Electronics Recycling in Riga — Where and How (WEEE Directive)
Where to recycle old electronics in Riga: free drop-off points, WEEE directive, 1:1 rule in shops, hazardous components, battery recycling, repair before recycling.

Leo Arslan / Pexels
Contents
- What Is WEEE and Why It Matters
- The WEEE Directive
- Why You Can't Put Electronics in General Waste
- Where to Recycle Electronics in Riga
- 1. Separate Collection Sites (EKO punkti)
- 2. Shops — The "1 for 1" Rule
- 3. Small Electronics and Battery Containers
- Batteries — Separately!
- Why Separately
- Where to Recycle
- Repair Before Recycling
- Environmental Impact
Everyone accumulates electronics that are no longer needed: old TVs, broken vacuum cleaners, stacks of chargers, "dead" batteries. What to do with it all? Putting it in the bin is illegal and environmentally hazardous. But navigating the recycling rules isn't straightforward.

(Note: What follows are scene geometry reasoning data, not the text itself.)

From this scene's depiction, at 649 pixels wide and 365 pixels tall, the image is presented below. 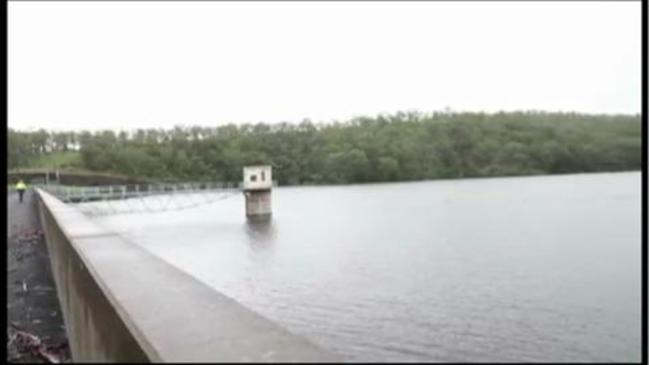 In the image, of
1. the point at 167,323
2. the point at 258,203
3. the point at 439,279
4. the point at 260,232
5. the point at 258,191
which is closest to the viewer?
the point at 167,323

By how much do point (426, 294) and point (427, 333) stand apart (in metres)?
4.97

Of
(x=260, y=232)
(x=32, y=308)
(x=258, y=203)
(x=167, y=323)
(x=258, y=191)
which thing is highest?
(x=167, y=323)

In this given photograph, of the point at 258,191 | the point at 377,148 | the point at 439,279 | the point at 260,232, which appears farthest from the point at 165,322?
the point at 377,148

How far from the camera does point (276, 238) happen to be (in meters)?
43.3

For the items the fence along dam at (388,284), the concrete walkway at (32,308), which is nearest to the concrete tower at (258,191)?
the fence along dam at (388,284)

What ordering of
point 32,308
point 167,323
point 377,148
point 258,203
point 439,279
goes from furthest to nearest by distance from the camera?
point 377,148 → point 258,203 → point 439,279 → point 32,308 → point 167,323

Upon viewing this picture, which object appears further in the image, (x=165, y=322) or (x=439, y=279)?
(x=439, y=279)

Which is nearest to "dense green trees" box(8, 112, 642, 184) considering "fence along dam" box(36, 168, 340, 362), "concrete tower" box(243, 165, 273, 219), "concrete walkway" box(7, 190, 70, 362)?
"concrete tower" box(243, 165, 273, 219)

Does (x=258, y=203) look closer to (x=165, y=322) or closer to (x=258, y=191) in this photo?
(x=258, y=191)

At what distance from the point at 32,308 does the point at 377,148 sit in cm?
7371

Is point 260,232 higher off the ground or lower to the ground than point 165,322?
lower

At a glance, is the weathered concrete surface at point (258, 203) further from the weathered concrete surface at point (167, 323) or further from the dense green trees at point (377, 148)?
the weathered concrete surface at point (167, 323)

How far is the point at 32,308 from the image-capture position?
7359mm

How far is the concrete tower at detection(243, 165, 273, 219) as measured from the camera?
60.0 m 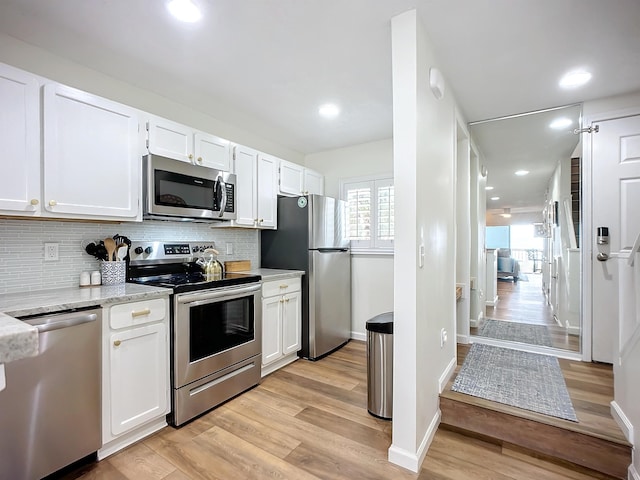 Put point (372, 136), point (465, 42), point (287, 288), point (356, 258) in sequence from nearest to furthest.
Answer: point (465, 42), point (287, 288), point (372, 136), point (356, 258)

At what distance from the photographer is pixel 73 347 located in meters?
1.63

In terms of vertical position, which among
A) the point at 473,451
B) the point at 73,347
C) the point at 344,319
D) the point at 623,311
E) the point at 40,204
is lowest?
the point at 473,451

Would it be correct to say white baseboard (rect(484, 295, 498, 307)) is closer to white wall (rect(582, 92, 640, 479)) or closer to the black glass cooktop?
white wall (rect(582, 92, 640, 479))

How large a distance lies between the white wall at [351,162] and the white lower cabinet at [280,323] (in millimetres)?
1636

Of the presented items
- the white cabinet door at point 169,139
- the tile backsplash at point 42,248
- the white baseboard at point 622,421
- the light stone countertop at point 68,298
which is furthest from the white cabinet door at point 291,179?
the white baseboard at point 622,421

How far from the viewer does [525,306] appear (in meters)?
3.92

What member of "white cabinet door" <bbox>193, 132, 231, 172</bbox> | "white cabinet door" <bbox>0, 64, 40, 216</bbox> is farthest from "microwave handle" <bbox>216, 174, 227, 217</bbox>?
"white cabinet door" <bbox>0, 64, 40, 216</bbox>

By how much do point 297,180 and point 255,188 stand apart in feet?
2.36

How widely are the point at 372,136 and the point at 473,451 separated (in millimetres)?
3151

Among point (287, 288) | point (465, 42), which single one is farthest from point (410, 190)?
point (287, 288)

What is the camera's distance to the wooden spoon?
7.37 ft

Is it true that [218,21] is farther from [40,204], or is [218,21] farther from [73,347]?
[73,347]

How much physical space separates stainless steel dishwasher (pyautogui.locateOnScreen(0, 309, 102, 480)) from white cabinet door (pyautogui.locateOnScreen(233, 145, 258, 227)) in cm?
155

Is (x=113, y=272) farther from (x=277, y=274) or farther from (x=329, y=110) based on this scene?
(x=329, y=110) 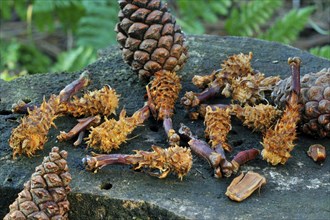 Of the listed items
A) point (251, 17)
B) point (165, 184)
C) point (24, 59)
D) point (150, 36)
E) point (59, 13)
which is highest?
point (150, 36)

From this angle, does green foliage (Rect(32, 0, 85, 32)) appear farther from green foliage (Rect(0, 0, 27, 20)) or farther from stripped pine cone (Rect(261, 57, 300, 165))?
stripped pine cone (Rect(261, 57, 300, 165))

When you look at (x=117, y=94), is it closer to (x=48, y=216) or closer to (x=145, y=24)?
(x=145, y=24)

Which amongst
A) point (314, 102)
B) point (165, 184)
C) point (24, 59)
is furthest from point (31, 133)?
point (24, 59)

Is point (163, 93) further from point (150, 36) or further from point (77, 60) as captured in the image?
point (77, 60)

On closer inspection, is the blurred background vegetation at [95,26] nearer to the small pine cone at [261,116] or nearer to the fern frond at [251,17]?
the fern frond at [251,17]

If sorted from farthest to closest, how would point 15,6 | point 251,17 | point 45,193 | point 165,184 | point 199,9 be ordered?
point 15,6 → point 199,9 → point 251,17 → point 165,184 → point 45,193

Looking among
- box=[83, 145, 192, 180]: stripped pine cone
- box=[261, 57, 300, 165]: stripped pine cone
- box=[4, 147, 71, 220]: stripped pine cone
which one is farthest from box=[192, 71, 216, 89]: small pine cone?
box=[4, 147, 71, 220]: stripped pine cone

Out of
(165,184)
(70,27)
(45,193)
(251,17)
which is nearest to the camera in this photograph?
(45,193) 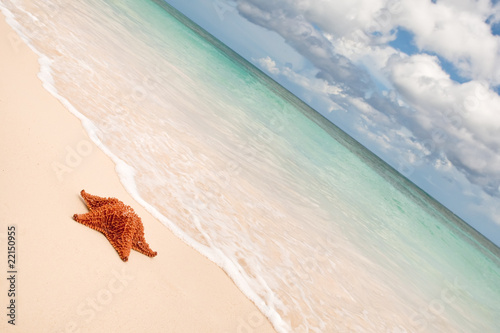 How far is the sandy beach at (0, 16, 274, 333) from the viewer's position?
120 inches

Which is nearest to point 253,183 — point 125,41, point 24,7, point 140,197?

At the SATER service centre on Silmaču iela 6, we've worked with electronics for over 30 years and regularly face the question: "You say it's not worth repairing. So where does it go now?" This article is a practical guide to electronics recycling in Riga.
What Is WEEE and Why It Matters
The WEEE Directive
WEEE (Waste Electrical and Electronic Equipment) — EU Directive 2012/19/EU governing electronic waste. In Latvia, it's implemented through national regulations on the management of electrical and electronic equipment waste.
Key principles:
- Producer pays — recycling costs are included in the product price (via an environmental levy)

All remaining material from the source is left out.